É impossível reduzir a filosofia de Schopenhauer ao tamanho de um breve artigo. Como é disparatada qualquer tentativa de sintetizar - não conceitos e teses - a vida de obras e feitos do padre Vianney. Porém, não há dúvida de que - apesar de falarem sobre o sofrimento em termos semelhantes - eles tinham perspectivas absolutamente distintas a respeito da sua consequência final. Para o filósofo alemão, o abismo. Para o santo da Igreja Católica, o sofrimento é o sinal de esperança dado pelo Filho do Homem. A cruz cravada na terra para indicar o caminho da salvação, e para anunciar que a morte não tem a palavra final.
Referências.
[1]. SCHOPENHAUER, Arthur. "O mundo como vontade e como representação". Trad. Jair Barboza. Editora UNESP: São Paulo, 2005. p. 400.

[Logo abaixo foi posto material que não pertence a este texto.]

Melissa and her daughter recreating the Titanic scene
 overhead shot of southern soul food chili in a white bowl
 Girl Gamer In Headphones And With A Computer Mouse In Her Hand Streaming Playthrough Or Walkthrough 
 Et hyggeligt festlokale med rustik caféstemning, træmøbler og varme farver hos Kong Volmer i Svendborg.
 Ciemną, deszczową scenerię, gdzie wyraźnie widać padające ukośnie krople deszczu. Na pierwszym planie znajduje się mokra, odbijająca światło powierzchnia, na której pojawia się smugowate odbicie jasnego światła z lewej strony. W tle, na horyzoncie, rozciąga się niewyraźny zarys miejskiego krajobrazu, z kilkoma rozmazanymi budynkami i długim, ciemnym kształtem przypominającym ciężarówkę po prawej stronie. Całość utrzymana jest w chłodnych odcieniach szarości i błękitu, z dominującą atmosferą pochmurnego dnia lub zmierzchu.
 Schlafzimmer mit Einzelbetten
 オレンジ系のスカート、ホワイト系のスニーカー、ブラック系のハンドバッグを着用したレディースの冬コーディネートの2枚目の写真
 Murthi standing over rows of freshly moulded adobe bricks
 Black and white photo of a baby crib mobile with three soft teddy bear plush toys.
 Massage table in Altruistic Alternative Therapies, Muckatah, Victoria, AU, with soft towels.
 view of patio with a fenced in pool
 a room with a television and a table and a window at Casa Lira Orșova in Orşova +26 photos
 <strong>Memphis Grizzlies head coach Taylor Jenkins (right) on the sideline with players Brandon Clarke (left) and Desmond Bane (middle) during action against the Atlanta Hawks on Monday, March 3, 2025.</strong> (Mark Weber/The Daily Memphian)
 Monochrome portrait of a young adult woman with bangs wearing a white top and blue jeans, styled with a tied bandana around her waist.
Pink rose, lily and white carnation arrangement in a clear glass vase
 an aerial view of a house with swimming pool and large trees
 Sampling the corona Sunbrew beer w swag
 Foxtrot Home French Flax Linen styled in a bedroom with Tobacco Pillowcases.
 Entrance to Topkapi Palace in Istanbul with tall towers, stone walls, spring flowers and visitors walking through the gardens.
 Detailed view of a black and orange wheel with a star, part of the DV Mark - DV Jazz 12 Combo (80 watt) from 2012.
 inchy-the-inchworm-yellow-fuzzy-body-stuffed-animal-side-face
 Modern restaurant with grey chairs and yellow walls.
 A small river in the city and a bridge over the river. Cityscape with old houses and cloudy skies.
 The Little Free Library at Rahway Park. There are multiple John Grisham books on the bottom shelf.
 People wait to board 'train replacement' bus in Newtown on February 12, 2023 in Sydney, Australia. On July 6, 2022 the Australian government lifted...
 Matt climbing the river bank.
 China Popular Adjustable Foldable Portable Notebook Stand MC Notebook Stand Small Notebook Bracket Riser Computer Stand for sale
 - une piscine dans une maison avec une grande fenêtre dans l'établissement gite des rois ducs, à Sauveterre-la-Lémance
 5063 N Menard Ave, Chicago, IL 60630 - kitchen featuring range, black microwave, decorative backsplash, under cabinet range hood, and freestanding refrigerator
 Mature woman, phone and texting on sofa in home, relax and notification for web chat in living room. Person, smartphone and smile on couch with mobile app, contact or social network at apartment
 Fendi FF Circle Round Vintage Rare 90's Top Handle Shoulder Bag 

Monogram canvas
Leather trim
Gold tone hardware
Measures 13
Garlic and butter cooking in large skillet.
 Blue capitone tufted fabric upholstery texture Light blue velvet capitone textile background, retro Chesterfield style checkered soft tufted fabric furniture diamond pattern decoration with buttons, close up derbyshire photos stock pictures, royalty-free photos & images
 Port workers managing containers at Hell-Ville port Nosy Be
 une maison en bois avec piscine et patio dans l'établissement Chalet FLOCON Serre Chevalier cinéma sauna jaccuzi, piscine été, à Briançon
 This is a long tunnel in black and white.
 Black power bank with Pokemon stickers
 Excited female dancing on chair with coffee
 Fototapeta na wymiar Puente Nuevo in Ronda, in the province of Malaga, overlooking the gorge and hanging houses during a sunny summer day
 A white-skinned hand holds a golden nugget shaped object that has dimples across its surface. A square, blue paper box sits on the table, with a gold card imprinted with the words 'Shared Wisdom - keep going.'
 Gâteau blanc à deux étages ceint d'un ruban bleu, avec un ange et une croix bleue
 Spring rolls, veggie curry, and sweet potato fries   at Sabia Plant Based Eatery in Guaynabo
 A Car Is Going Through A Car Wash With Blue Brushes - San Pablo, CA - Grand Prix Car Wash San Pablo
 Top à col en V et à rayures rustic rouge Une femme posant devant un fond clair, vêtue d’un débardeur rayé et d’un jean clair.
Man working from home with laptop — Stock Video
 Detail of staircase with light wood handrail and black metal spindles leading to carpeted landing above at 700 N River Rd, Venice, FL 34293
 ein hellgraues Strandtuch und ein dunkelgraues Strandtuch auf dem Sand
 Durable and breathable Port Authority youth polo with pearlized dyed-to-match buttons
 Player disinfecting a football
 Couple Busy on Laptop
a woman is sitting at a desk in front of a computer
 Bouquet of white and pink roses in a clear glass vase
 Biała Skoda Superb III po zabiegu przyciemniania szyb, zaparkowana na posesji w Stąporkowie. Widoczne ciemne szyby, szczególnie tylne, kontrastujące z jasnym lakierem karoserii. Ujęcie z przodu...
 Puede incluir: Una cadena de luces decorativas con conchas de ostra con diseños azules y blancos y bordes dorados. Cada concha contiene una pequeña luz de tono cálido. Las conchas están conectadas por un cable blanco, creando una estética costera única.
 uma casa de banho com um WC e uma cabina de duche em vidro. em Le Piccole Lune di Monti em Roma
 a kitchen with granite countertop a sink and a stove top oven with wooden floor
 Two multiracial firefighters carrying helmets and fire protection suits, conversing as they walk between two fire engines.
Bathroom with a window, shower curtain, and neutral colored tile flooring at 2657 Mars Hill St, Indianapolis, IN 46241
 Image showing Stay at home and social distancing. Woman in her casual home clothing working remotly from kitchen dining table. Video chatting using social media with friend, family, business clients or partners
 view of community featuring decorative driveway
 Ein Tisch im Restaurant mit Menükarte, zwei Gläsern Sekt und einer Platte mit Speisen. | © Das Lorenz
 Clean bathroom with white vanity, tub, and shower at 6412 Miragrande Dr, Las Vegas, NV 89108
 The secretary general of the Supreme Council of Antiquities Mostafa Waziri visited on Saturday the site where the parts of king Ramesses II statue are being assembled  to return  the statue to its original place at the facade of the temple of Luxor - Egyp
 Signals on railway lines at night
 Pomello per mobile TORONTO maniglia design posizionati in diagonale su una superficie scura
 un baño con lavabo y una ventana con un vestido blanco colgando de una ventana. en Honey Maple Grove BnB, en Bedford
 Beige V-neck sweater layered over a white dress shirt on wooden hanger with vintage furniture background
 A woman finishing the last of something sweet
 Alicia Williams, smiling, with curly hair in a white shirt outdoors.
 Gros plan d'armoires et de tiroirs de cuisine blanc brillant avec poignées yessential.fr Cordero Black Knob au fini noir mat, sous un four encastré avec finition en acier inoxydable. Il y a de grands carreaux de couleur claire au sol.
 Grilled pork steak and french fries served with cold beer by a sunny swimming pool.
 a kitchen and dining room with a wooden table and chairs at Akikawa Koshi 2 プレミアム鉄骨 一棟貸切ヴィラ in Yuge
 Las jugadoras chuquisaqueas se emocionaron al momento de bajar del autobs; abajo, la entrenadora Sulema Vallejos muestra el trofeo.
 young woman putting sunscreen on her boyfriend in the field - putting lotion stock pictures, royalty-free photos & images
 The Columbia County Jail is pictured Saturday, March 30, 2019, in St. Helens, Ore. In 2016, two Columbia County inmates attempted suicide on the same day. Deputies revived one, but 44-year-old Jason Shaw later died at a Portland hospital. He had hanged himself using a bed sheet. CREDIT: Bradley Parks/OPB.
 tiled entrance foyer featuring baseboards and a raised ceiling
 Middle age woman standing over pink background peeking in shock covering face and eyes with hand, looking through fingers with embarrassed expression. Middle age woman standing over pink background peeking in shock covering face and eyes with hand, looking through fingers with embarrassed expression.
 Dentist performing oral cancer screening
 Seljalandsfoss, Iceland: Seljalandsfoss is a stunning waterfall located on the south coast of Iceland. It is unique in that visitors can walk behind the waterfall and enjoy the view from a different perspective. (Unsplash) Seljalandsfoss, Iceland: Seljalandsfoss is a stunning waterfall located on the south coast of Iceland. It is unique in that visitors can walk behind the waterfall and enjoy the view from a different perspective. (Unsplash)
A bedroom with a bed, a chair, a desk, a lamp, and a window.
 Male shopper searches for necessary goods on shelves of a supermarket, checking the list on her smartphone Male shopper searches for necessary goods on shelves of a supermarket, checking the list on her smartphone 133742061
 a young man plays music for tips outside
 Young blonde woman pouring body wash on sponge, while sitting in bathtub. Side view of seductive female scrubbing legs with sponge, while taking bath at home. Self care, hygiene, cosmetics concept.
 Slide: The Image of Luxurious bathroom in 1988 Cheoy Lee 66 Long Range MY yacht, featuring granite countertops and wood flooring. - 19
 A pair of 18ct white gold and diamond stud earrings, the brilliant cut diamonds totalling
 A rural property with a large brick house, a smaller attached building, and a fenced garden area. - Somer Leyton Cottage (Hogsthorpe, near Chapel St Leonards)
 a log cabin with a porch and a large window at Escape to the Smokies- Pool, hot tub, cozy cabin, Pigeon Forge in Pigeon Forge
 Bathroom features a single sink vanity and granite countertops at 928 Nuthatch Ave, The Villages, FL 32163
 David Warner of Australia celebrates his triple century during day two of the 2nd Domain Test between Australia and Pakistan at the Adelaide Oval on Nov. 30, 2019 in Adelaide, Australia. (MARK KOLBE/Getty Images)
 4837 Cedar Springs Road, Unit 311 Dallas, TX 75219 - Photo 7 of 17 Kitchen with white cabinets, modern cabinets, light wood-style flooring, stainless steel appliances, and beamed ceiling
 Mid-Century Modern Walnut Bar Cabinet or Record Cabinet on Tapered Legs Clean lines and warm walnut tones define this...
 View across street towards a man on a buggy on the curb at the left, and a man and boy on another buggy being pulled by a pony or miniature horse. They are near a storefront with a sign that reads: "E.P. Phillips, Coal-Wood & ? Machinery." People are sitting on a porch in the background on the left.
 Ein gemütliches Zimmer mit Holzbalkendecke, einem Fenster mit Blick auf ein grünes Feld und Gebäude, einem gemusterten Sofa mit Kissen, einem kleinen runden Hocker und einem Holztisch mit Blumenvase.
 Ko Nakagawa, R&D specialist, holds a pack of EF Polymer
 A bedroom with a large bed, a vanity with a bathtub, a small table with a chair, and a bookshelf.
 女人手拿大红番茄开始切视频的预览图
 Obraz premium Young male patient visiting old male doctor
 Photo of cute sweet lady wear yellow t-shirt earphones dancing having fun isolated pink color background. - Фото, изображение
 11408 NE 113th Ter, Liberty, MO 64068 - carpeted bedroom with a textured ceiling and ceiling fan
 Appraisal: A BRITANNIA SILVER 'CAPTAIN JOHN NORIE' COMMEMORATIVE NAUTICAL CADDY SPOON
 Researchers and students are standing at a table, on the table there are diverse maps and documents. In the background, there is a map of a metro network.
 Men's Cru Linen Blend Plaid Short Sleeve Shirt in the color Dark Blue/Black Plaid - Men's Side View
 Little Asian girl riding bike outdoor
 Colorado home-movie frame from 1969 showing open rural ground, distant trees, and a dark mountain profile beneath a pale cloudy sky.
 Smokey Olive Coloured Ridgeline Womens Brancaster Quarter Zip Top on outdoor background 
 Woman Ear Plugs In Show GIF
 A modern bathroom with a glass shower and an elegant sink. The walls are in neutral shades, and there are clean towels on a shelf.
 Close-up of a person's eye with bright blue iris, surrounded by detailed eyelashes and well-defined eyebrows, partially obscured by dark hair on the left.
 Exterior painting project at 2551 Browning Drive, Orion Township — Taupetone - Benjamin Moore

[2]. MONNIN, Alfred. "São João Maria Batista Vianney": o Cura d'Ars. Editora Petrus: São Paulo, 2013. p. 87.
[3]. TROCHU, Francis. "O Santo Cura d'Ars": São João Batista Maria Vianney. Editora Líttera Maciel: Contagem-MG, 1997. p. 368.
[4]. GUÉON, Henri. "O Cura d'Ars". Quadrante: São Paulo, 1998. p. 08.
[5]. Cf. referência [3].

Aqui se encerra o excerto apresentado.